▸ **Extracted information**

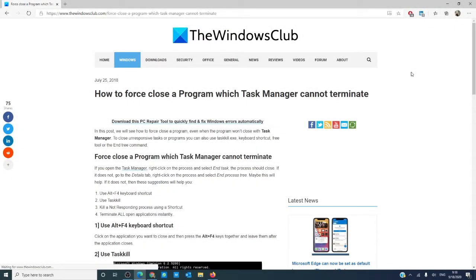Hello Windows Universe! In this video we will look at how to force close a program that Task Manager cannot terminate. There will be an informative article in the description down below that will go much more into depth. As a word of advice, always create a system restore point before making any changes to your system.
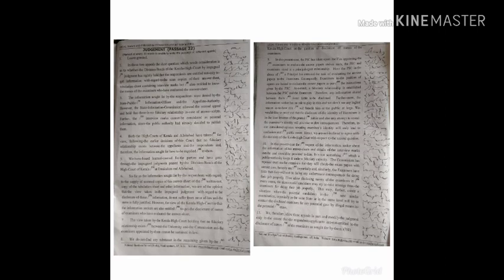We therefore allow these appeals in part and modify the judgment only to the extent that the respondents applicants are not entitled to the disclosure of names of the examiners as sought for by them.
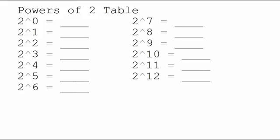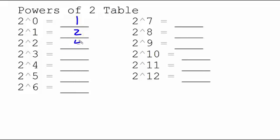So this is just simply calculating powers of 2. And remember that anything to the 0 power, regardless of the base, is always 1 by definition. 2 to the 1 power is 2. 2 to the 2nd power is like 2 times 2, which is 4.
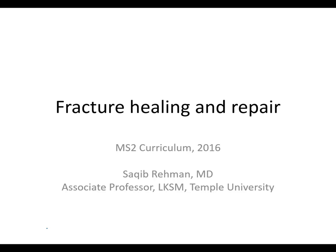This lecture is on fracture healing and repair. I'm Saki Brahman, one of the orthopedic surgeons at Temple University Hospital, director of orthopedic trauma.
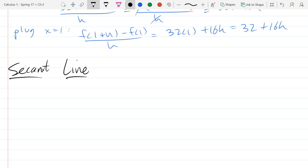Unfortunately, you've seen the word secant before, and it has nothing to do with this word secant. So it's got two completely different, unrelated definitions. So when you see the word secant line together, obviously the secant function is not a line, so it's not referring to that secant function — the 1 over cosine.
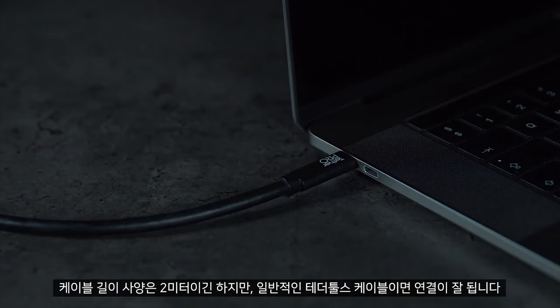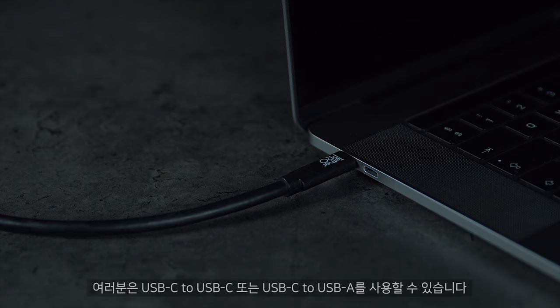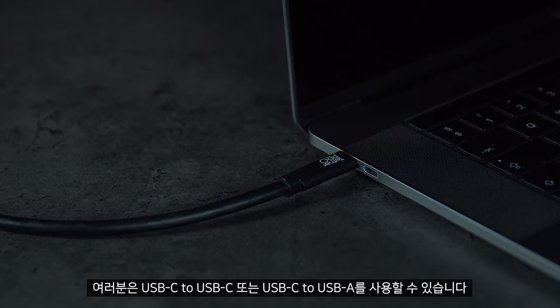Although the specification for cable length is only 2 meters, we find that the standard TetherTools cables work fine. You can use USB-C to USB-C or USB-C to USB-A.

...

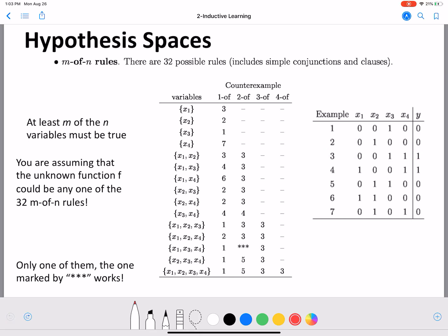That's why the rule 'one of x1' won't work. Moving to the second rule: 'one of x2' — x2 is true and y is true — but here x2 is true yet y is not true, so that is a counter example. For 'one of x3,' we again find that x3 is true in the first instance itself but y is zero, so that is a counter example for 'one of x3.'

▸ **Work to be completed**
Go down the entries above from the line containing "This lecture is" to the line containing "Unfortunately, you've seen" and write out each line exactly, leaving pictures out.

▸ **Solution for this exercise**
This lecture is on fracture healing and repair. I'm Saki Brahman, one of the orthopedic surgeons at Temple University Hospital, director of orthopedic trauma.
Unfortunately, you've seen the word secant before, and it has nothing to do with this word secant. So it's got two completely different, unrelated definitions. So when you see the word secant line together, obviously the secant function is not a line, so it's not referring to that secant function — the 1 over cosine.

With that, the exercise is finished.